• [Data segment]

• • • • •

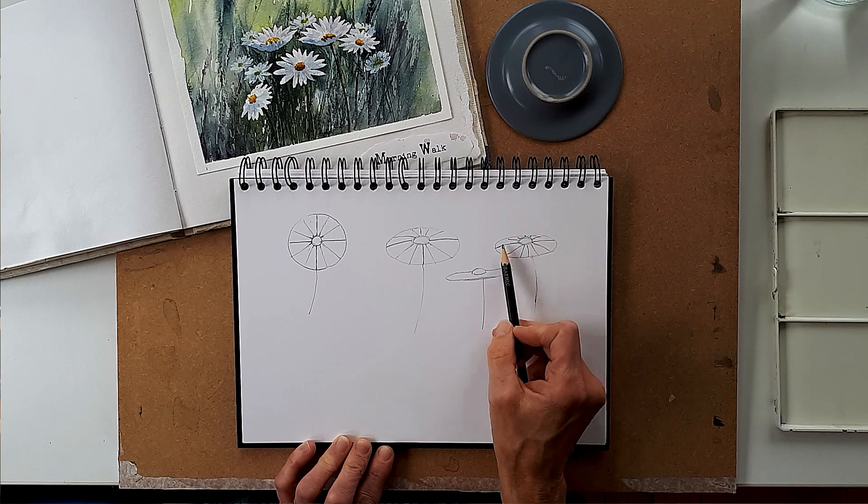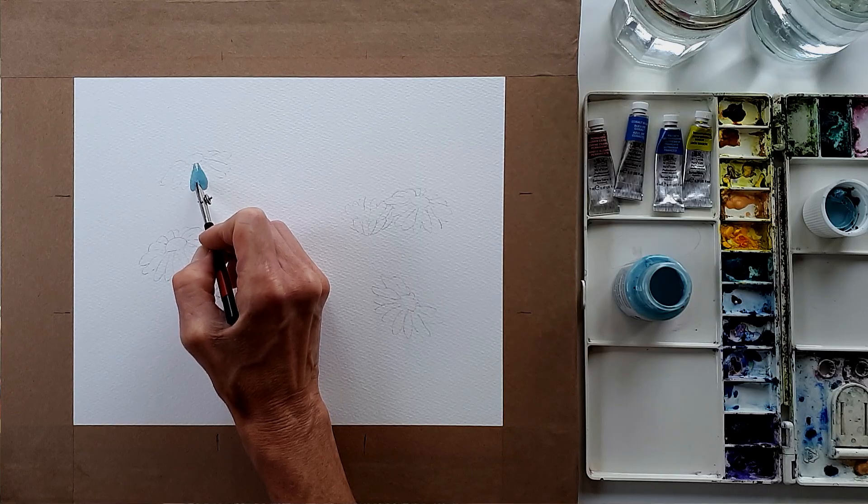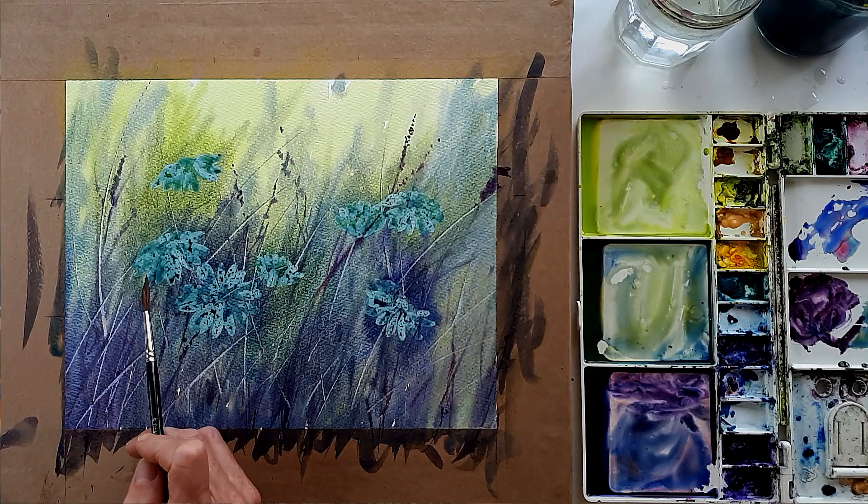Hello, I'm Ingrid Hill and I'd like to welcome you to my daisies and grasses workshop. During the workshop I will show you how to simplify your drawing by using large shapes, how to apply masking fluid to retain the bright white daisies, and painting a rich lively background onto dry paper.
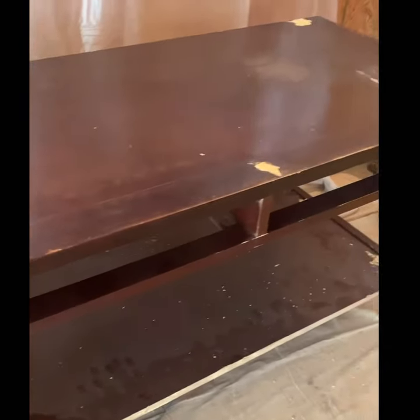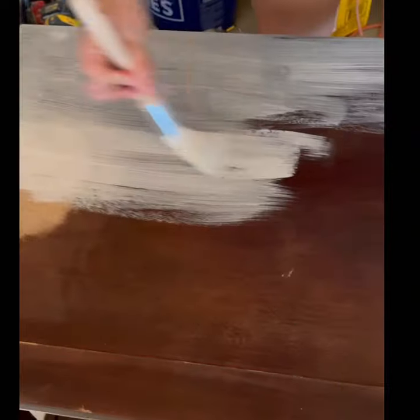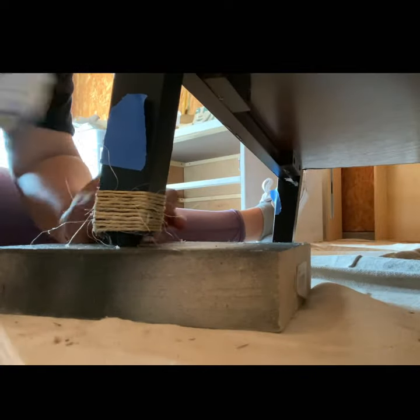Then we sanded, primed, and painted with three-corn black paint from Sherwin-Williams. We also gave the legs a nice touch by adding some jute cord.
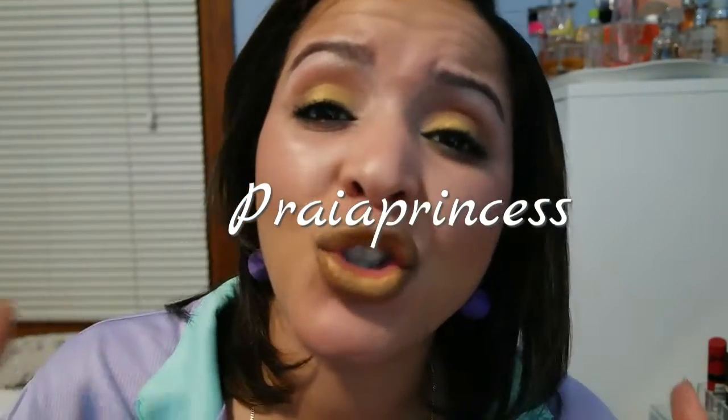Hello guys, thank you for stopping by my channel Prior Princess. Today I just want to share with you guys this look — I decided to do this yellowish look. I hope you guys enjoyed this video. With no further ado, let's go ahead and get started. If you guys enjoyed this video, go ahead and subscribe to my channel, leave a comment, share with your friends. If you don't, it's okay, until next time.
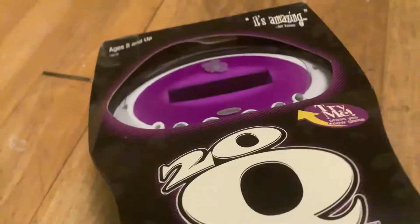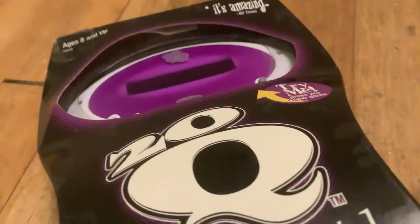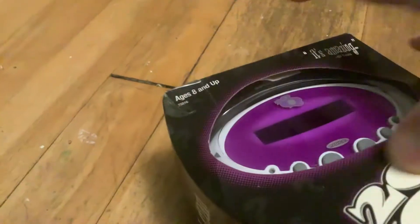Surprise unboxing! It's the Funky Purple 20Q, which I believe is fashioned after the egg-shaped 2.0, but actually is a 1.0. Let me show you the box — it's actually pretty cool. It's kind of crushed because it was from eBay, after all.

• • • • •

• [Task prompt]
Repeat each line above exactly. The pictures stay out.

• [Solution to the exercise]
Hello, I'm Ingrid Hill and I'd like to welcome you to my daisies and grasses workshop. During the workshop I will show you how to simplify your drawing by using large shapes, how to apply masking fluid to retain the bright white daisies, and painting a rich lively background onto dry paper.
Then we sanded, primed, and painted with three-corn black paint from Sherwin-Williams. We also gave the legs a nice touch by adding some jute cord.
Hello guys, thank you for stopping by my channel Prior Princess. Today I just want to share with you guys this look — I decided to do this yellowish look. I hope you guys enjoyed this video. With no further ado, let's go ahead and get started. If you guys enjoyed this video, go ahead and subscribe to my channel, leave a comment, share with your friends. If you don't, it's okay, until next time.
Surprise unboxing! It's the Funky Purple 20Q, which I believe is fashioned after the egg-shaped 2.0, but actually is a 1.0. Let me show you the box — it's actually pretty cool. It's kind of crushed because it was from eBay, after all.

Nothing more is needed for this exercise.